● **Work task**: The copy you give must match the lines from the top of the data through the line containing "Caroline Graham Hansen" exactly, and it must hold no pictures.

*** Opening of Material to process ***

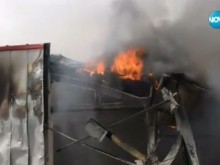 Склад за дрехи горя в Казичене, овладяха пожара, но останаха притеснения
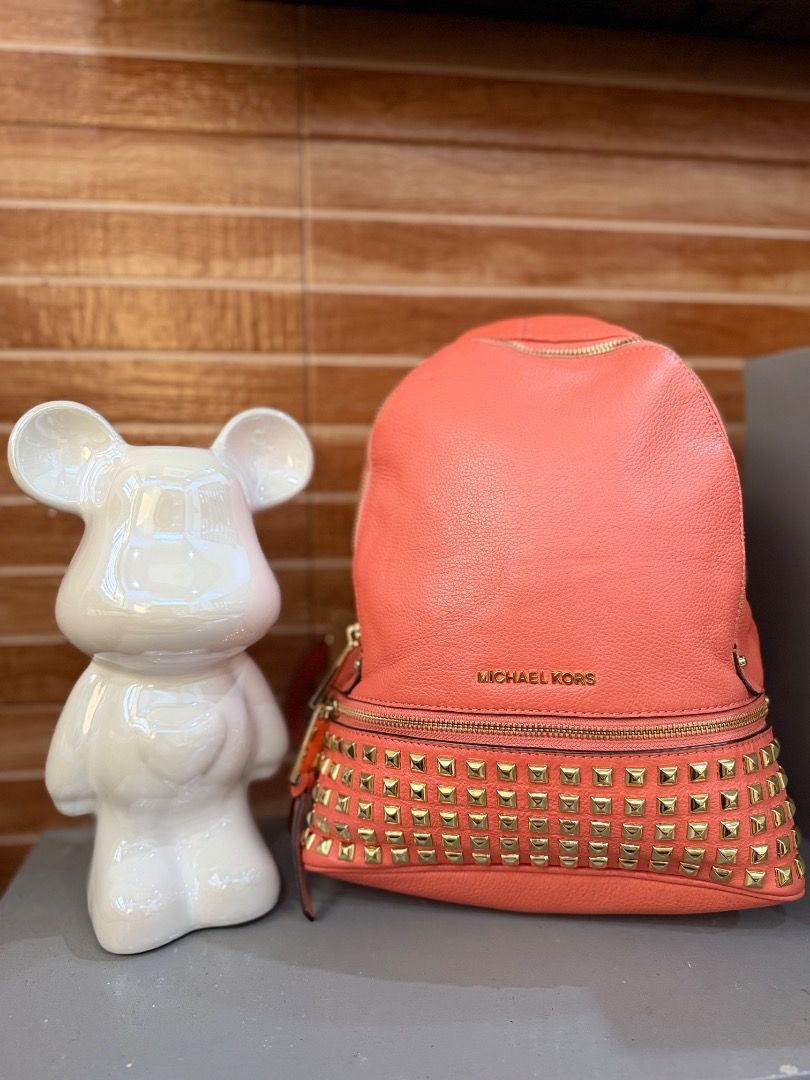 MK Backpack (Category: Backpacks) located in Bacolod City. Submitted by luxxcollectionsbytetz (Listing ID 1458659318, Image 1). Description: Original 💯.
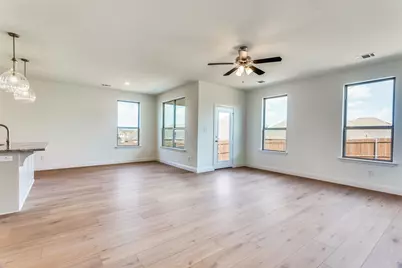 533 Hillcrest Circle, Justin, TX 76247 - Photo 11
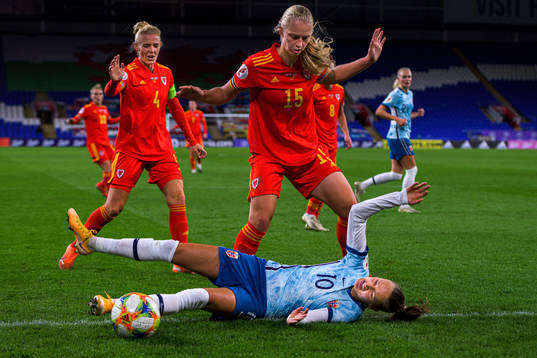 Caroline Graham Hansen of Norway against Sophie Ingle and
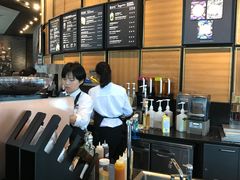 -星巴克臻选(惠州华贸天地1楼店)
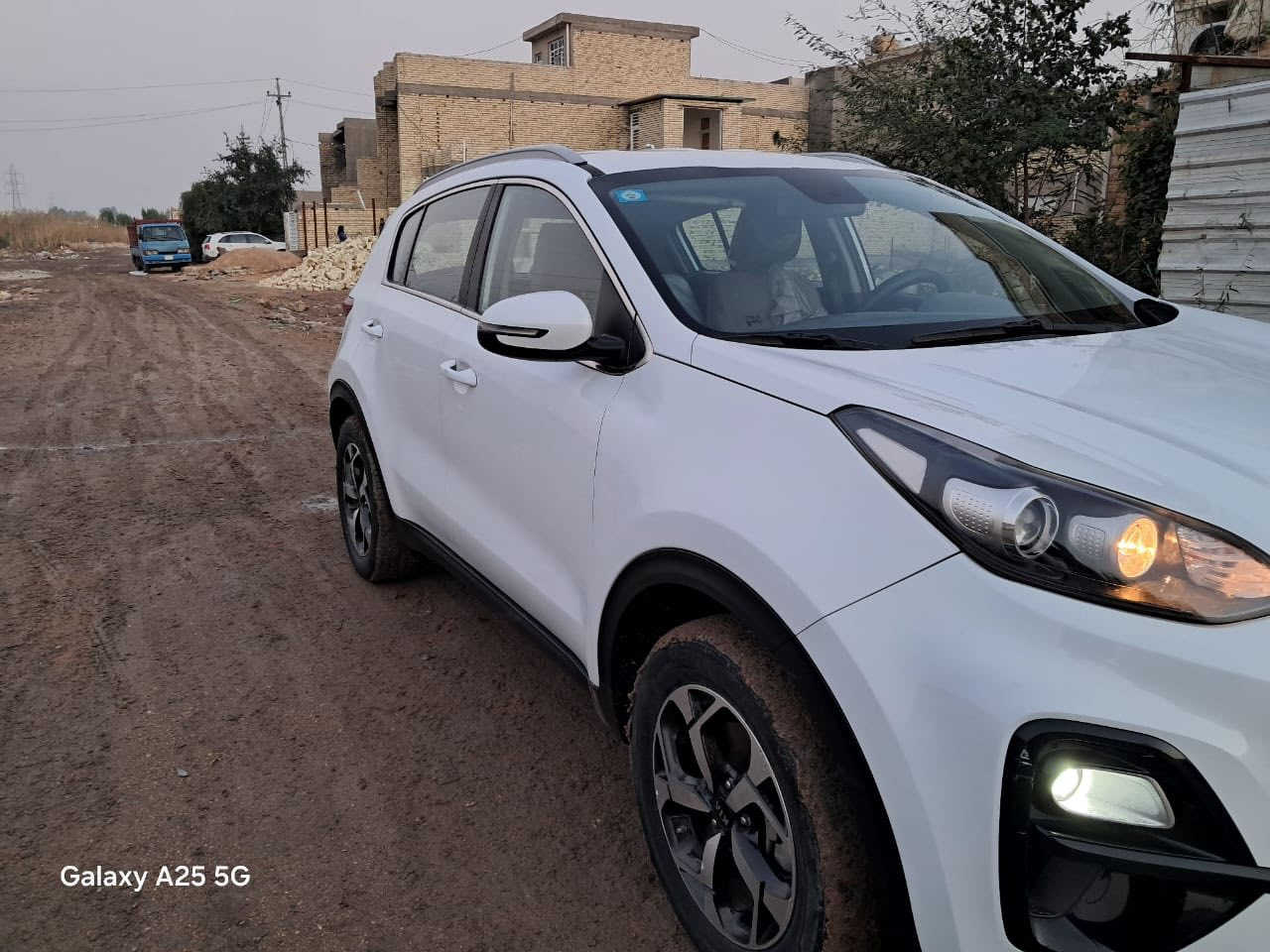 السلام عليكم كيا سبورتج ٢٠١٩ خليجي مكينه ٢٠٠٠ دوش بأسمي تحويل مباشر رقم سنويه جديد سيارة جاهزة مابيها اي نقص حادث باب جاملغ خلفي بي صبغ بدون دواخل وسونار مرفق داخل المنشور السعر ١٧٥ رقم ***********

*** Close of Material to process ***

● **Answer to this task**:
 Склад за дрехи горя в Казичене, овладяха пожара, но останаха притеснения
 MK Backpack (Category: Backpacks) located in Bacolod City. Submitted by luxxcollectionsbytetz (Listing ID 1458659318, Image 1). Description: Original 💯.
 533 Hillcrest Circle, Justin, TX 76247 - Photo 11
 Caroline Graham Hansen of Norway against Sophie Ingle and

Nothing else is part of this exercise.